To promote its latest digital espionage game Watch Dogs, Ubisoft has launched a site that scrapes publicly available information from Facebook to show users how much of their data is in the public domain… and how it could be exploited.
Watch this trailer showing how the tool works below:
DigitalShadow scrapes a users’ publicly available information from Facebook, the US Census Bureau and the Bureau of Labour and Statistics in the US to show a true picture of their interests and frequent locations, along with ways that shady organisations might exploit this information against them.
The campaign requests permission to access a user’s account and then pulls information to build a comprehensive dossier of the user as if he or she were an assassin’s target.
Digital Shadow first shows users the photos they’ve tagged as public, then it moves on to examine their friends.
It shows users which of their Facebook friends they interact with most, which interact with them the most, which they don’t interact with at all, and even which friends they’ve been stalking that haven’t been stalking them back.
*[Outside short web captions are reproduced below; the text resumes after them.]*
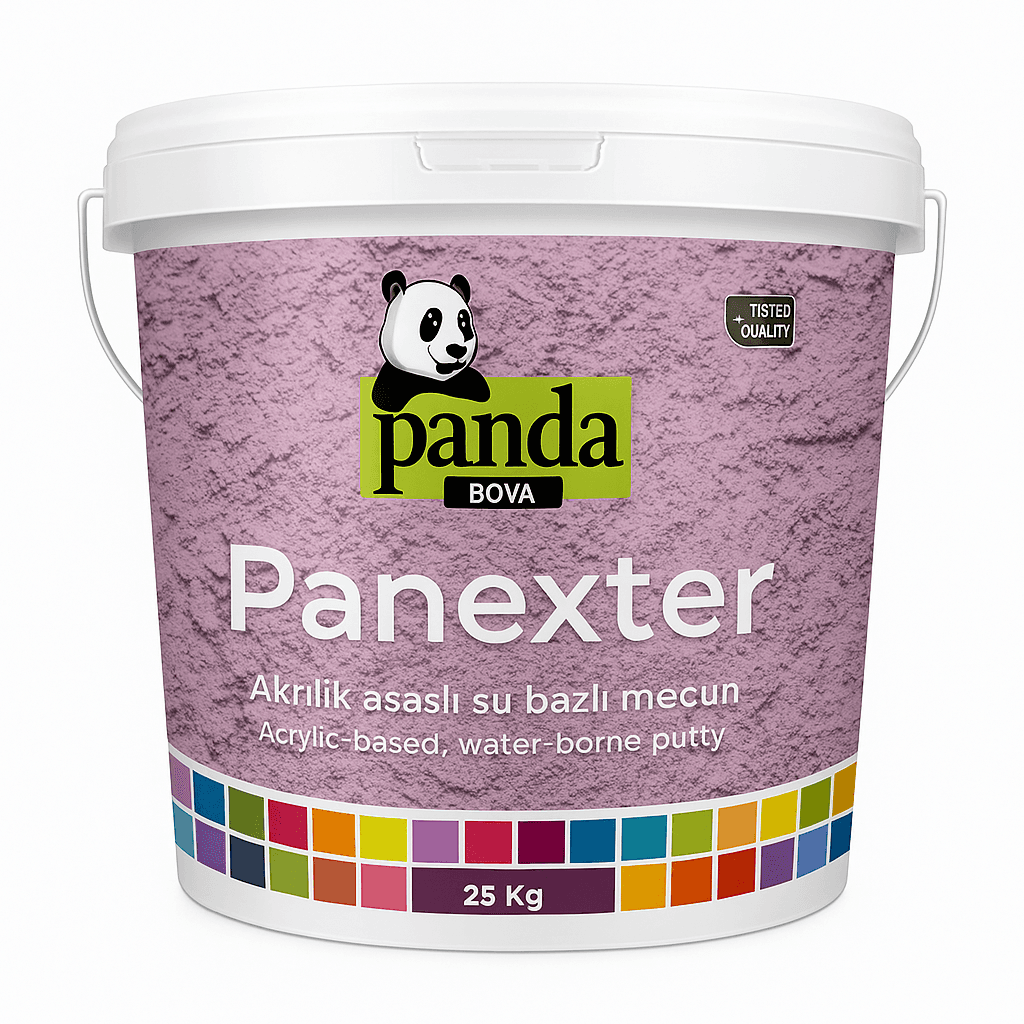 Panexter akrilik məcun 25kq Panda
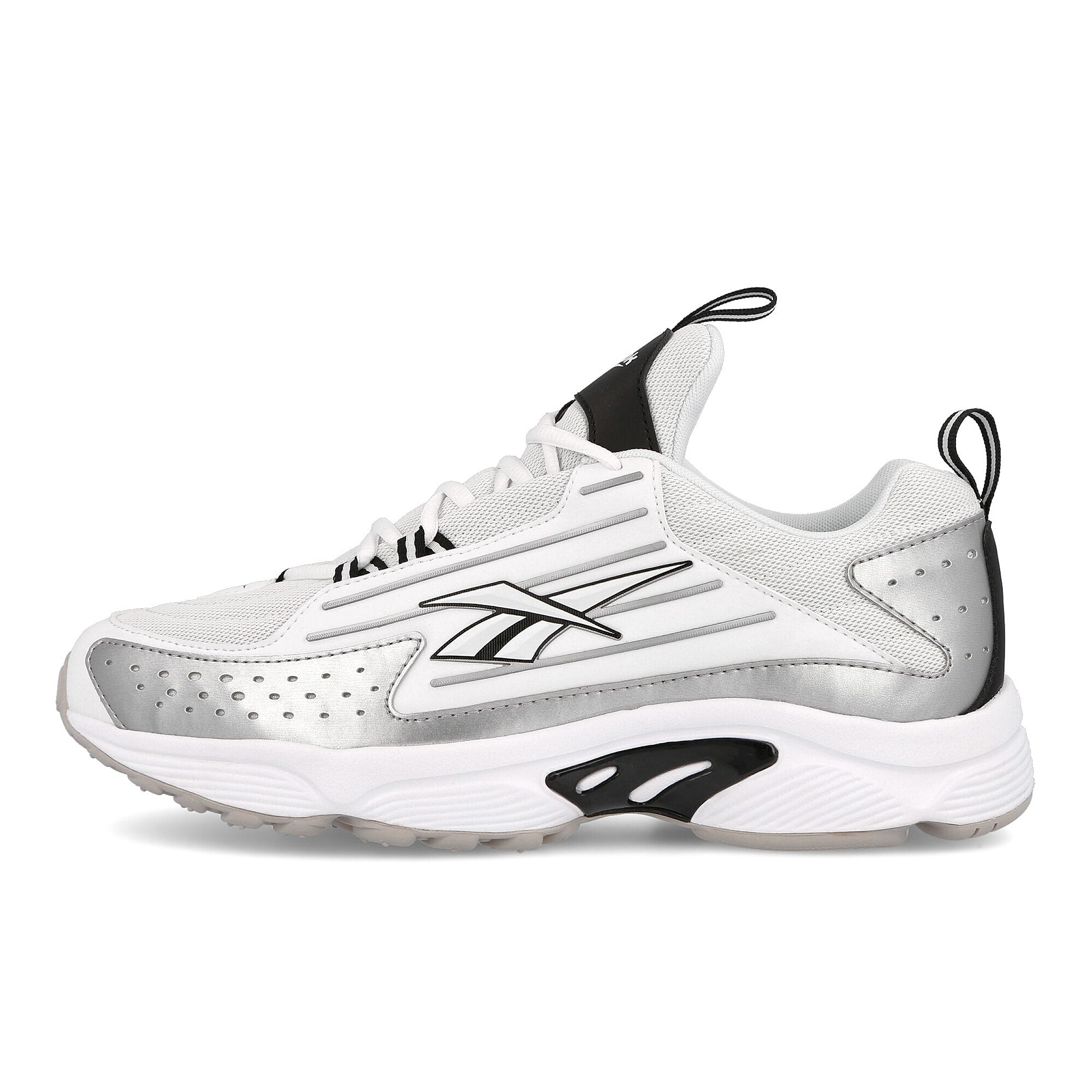Reebok dmx series 2200 White-Black-Skull Grey Sneakers DV9717 | Overkill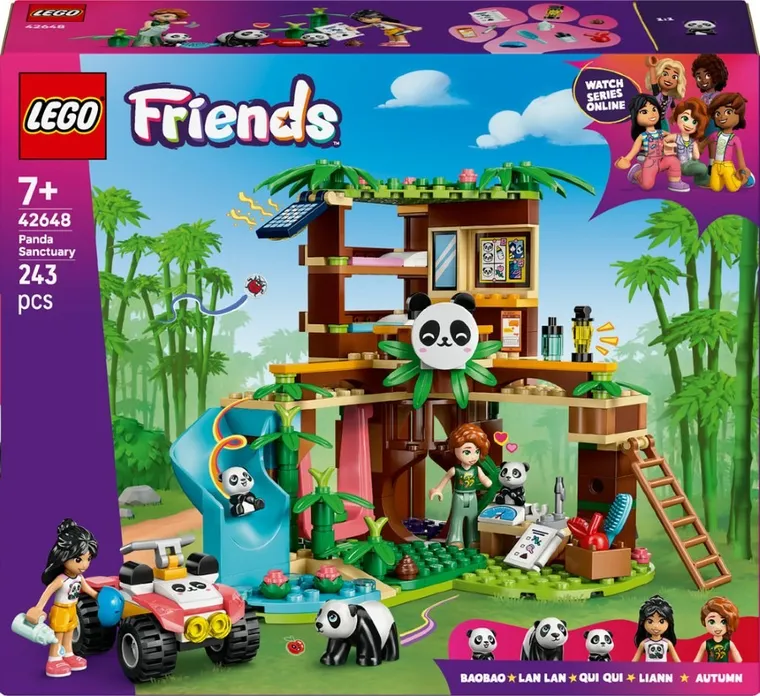 LEGO Friends, Opieka nad pandami w rezerwacie, 42648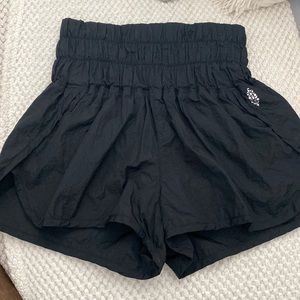 Free People “The Way Home” Black Shorts! Size XS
It also provides a potential salary based on educational level and job title, as well as a breakdown of possible passwords that could be used to hack their accounts.
Perhaps most significantly, Digital Shadow places a monetary value on the data they share online, assessing what their displayed information would be worth to marketers and advertisers. People with higher “digital shadow values” expose more of themselves to the wider world.
In addition to all this, Digital Shadow shows “commonly used words” in a user’s Facebook posts and performs sentiment analysis on them, using the frequency of these words to assess whether they are neurotic, depressive, deviant, volatile or submissive.
“Watch Dogs” will be released for PC, Wii U, Xbox One, Xbox 360, Playstation 3 and Playstation 4 on May 27.